Yoga Mats: Are They Really Necessary? Professional2 weeks ago - Multimedia - Bareilly - 11 views
There is no more significant symbol for contemporary yoga practice than the yoga mat. It is more than a tool employed by the yogi. The Yoga Mat is a metaphor. It represents the space in which our minds might experience some relief from the stress-laden, chaotic, and unpredictable nature of daily life.
A BRIEF HISTORY OF THE YOGA MAT
Angela Farmer is one of the most well-known and respected yoga teachers on the planet. She has been teaching for over 40 years. When she was young, she had a surgery that resulted in her being incapable of sweating from her hands and feet. I’m not sure if you have ever practiced yoga on a hardwood floor in the winter when everything is super dry. It borders on yogic tragi-comedy as your hands and feet slip and slide all over the place. Downward dog and standing poses in particular are just so slippery.
Farmer’s medical condition did not discourage her from practicing with BKS Iyengar when he was teaching in London in the 1960s. He forbade her to use a foam mattress or splash water on her hands and feet for traction. While teaching in Munich in 1968, she came across a thin piece of underlay from a carpet factory. It was the perfect solution to her problem.
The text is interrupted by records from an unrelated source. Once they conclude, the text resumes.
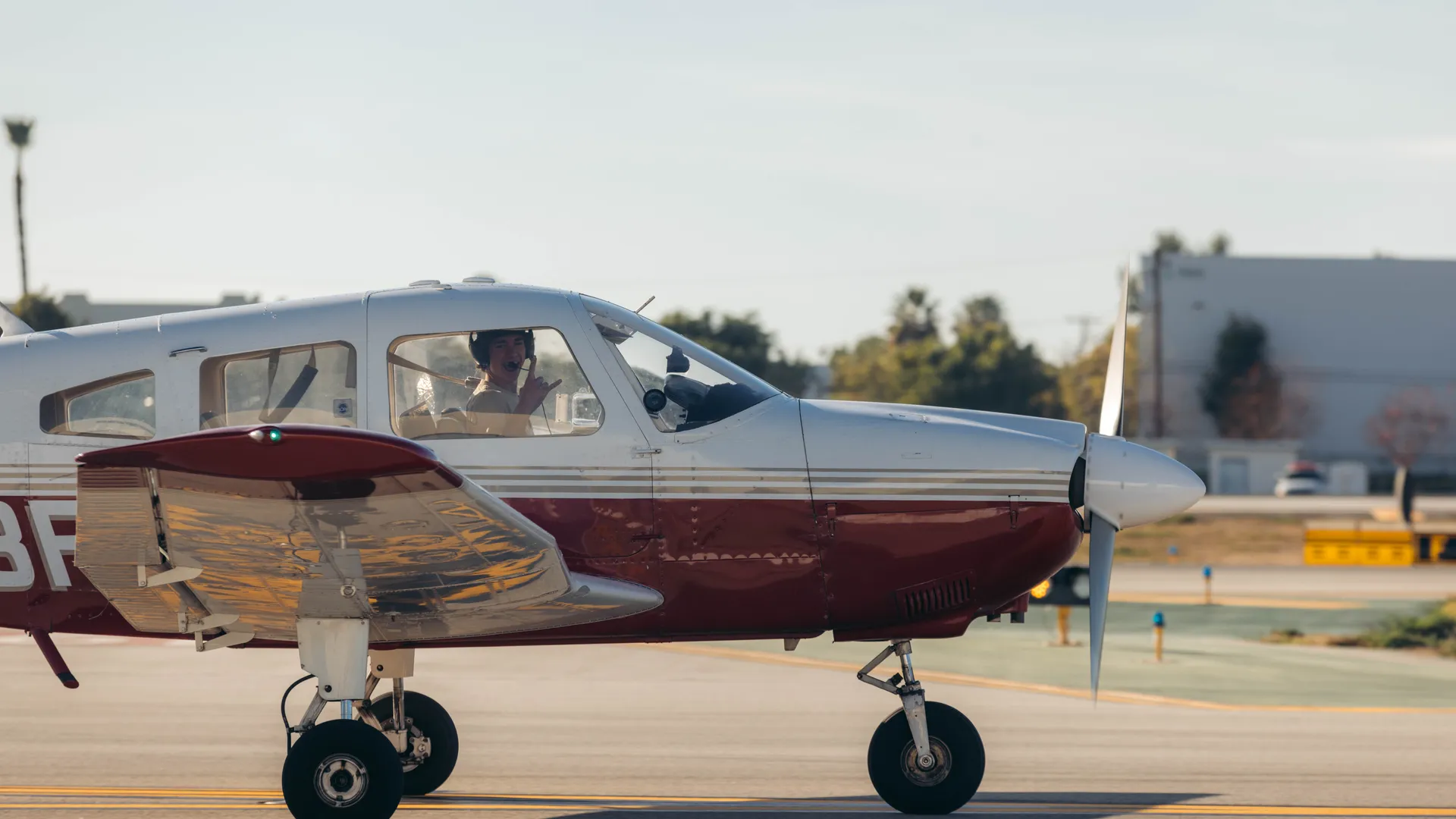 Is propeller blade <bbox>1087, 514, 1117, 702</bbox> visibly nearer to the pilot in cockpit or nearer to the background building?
the pilot in cockpit

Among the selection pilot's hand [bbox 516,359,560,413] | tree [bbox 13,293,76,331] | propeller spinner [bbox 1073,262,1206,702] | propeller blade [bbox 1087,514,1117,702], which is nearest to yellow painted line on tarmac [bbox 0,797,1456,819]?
propeller blade [bbox 1087,514,1117,702]

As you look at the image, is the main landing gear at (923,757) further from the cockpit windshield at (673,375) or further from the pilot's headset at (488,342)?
the pilot's headset at (488,342)

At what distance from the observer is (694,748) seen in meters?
10.7

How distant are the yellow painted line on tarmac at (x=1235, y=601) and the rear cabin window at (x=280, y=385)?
18.7 metres

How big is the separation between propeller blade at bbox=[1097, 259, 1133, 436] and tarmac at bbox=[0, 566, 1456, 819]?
6.96 ft

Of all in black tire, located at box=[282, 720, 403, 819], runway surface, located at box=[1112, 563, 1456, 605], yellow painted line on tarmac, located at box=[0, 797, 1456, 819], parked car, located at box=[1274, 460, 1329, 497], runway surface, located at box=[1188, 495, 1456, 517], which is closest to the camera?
black tire, located at box=[282, 720, 403, 819]

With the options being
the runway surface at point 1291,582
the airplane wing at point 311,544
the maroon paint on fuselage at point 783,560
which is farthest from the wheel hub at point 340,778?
the runway surface at point 1291,582

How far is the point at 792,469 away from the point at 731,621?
871 millimetres

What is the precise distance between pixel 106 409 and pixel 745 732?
5493mm

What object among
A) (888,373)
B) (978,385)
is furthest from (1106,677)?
(888,373)

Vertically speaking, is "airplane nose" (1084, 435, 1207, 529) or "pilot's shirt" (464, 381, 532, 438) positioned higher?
"pilot's shirt" (464, 381, 532, 438)

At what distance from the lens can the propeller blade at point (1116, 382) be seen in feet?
28.7

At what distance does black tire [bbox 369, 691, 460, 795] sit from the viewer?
9008 millimetres

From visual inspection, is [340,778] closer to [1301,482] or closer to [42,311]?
[42,311] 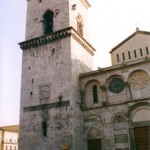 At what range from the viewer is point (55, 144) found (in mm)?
20984

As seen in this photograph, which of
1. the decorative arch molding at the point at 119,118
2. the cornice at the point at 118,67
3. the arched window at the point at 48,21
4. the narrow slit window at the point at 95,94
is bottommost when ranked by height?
the decorative arch molding at the point at 119,118

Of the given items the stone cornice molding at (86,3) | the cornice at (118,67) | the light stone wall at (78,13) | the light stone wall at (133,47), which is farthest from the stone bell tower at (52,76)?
the light stone wall at (133,47)

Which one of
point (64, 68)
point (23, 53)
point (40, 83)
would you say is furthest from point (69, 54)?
point (23, 53)

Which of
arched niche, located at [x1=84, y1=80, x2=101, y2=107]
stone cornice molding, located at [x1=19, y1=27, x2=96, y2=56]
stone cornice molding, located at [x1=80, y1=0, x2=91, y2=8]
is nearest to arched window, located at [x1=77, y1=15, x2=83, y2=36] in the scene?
stone cornice molding, located at [x1=19, y1=27, x2=96, y2=56]

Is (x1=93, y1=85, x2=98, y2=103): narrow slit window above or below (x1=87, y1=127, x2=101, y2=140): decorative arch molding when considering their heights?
above

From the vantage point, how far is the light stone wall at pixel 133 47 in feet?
89.5

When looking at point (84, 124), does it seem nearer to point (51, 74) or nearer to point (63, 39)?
point (51, 74)

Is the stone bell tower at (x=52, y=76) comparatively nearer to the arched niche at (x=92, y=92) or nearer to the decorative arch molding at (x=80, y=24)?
the decorative arch molding at (x=80, y=24)

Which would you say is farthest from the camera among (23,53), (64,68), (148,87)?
(23,53)

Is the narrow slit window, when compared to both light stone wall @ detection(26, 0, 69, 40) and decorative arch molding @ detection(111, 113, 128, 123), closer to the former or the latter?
decorative arch molding @ detection(111, 113, 128, 123)

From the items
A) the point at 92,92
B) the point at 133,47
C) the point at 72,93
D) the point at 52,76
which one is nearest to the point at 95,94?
the point at 92,92

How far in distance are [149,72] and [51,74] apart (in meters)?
8.94

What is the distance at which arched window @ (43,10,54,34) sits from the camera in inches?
1013

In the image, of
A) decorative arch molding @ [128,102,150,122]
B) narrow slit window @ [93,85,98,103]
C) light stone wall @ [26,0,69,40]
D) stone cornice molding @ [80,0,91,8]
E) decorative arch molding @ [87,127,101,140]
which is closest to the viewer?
decorative arch molding @ [128,102,150,122]
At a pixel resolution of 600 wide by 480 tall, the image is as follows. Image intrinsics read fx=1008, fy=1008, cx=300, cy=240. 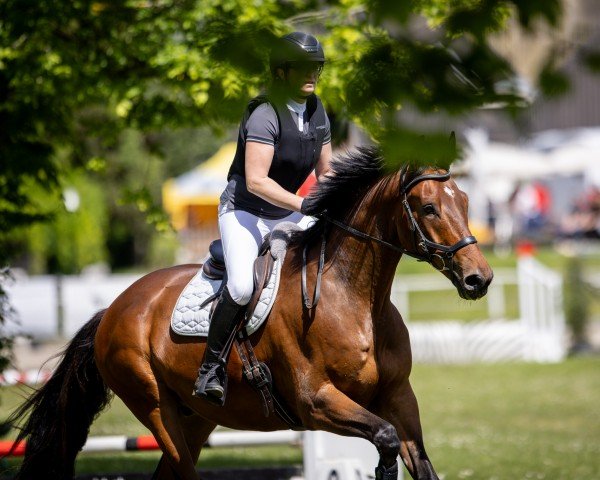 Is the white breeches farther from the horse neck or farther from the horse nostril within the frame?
the horse nostril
When she returned to London, her carpet-underlay Rubber Yoga Mat became very popular with her students. Eventually, Angela’s father connected with the owner of the German carpet factory and became the first retailer of yoga mats, establishing the business out of his home in Vancouver Island.
The yoga mat, as developed by Angela Farmer, was a therapeutic intervention. The stickiness of the mat alleviated a medical condition.
The TPE Yoga Mat does more than just provide a sticky surface. The mat defines your space. We personalize our mats to more accurately reflect who we are as practitioners. It is not just about picking the right color. We need to decide if we are going with PVC or an “eco” mat. We also need to decide on size, thickness, portability, and designs on the mat. We might have the latest super-eco, mega-grip, John Friend Manduka mat, or a mysore rug, or a $10 PVC mat from Walmart with a picture of a lotus flower on it.
The yoga mat serves as a fence. It separates my space from yours. People cannot put their feet on my mat. They cannot stretch their limbs into “my” yoga space. Crowded yoga workshops and classes offer a hilarious glimpse into the world of private yoga space. Watch people tip-toeing through rows of mats, bobbing and weaving through bolsters and water bottles on their way to the washroom. It is absurd.
How to choose a foam roller
A Massage Roller is usually cylinder-shaped and made of dense foam. But you can find foam rollers in a range of sizes and shapes, and in various levels of firmness.
It may take some trial and error to find the foam roller that’s right for you. Try out different foam rollers before purchasing to find one that is comfortable for you to use.
Here are some of the different types of foam rollers available online:
Smooth rollers are known for having a smooth, dense foam surface. They are best for people new to foam rolling. They offer even texture and aren’t as intense as a textured roller. This option is less expensive, too.
Textured rollers have ridges and knobs on them. They are used to work deeper into muscles, and work out knots and tension.
Foam-covered massage sticks can be used to deeply massage your legs or upper back.
Foam massage balls can be used for targeted muscle areas. For example, to work out knots in shoulders.
You know that sitting all day is bad for you.
So when a friend tells you about an interesting possible solution to this problem, you’re intrigued. The advice your friend gave you was to replace your office chair with a Yoga Ball. That way, they claimed, you get a little extra exercise and develop better posture at the same time.